-- The task --
Give again, word for word, the lines below that run from the line with "New 2026 Glacier" through the line with "Royal Sonesta". Drop the pictures.

-- Dataset excerpts --

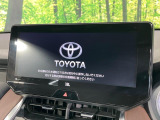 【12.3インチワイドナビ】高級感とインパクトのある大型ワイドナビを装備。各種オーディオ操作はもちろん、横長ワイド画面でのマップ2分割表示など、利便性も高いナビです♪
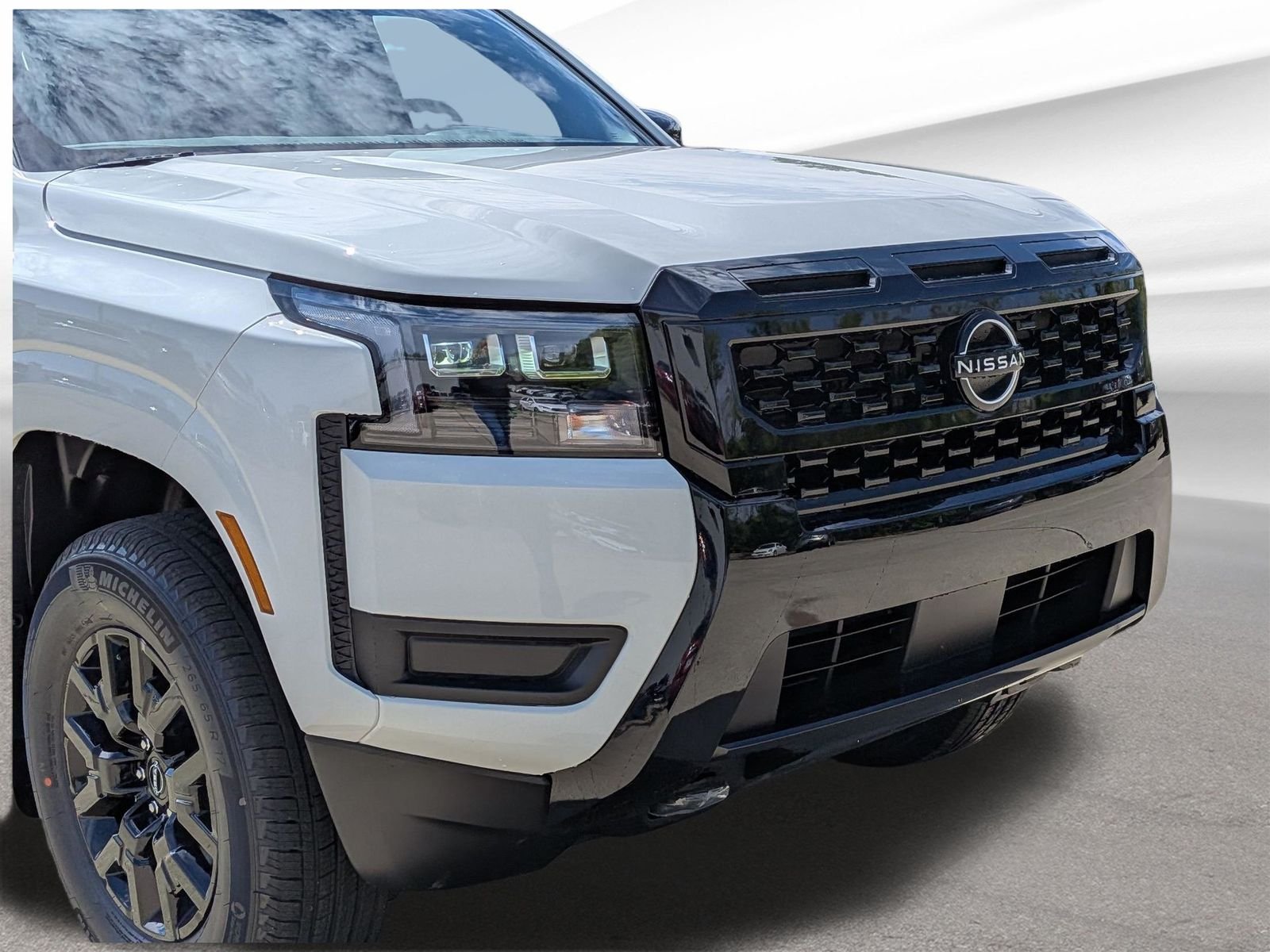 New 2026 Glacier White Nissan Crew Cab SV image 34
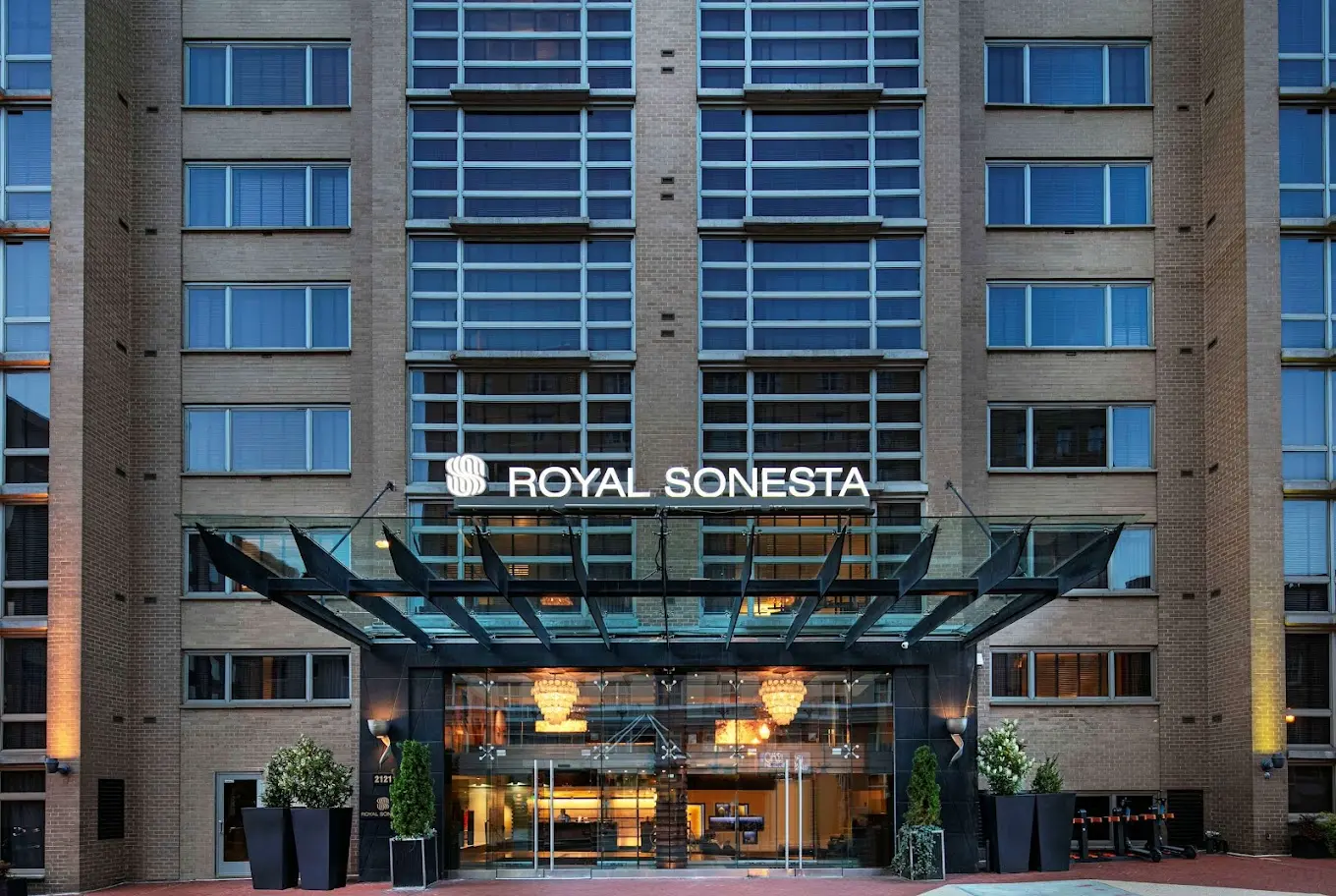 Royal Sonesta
==
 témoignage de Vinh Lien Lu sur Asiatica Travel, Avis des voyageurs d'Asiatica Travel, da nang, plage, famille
...
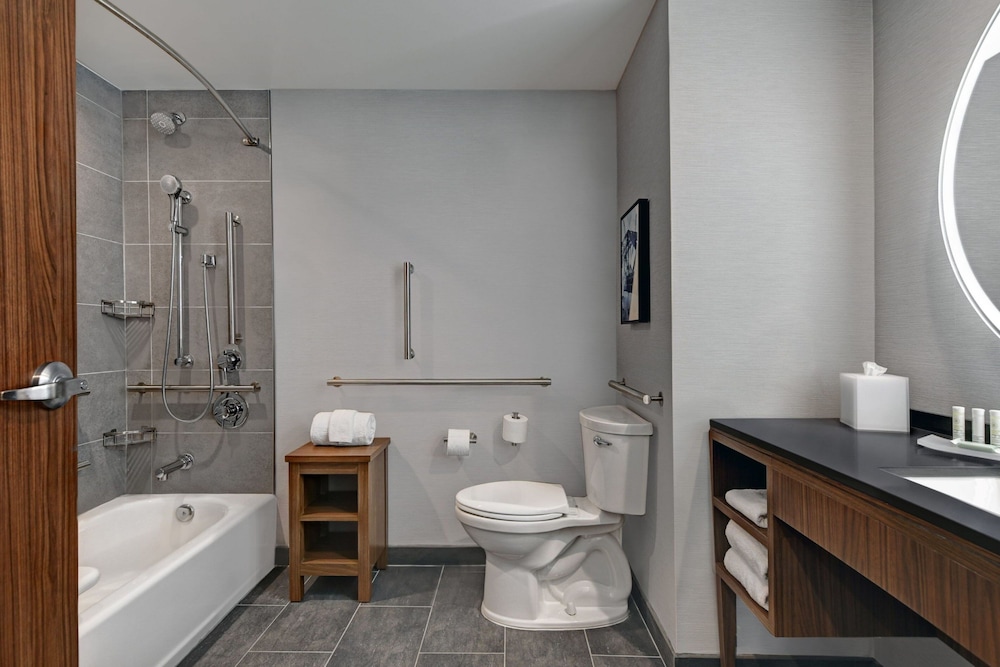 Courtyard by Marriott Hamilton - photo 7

-- Answer space --
 New 2026 Glacier White Nissan Crew Cab SV image 34
 Royal Sonesta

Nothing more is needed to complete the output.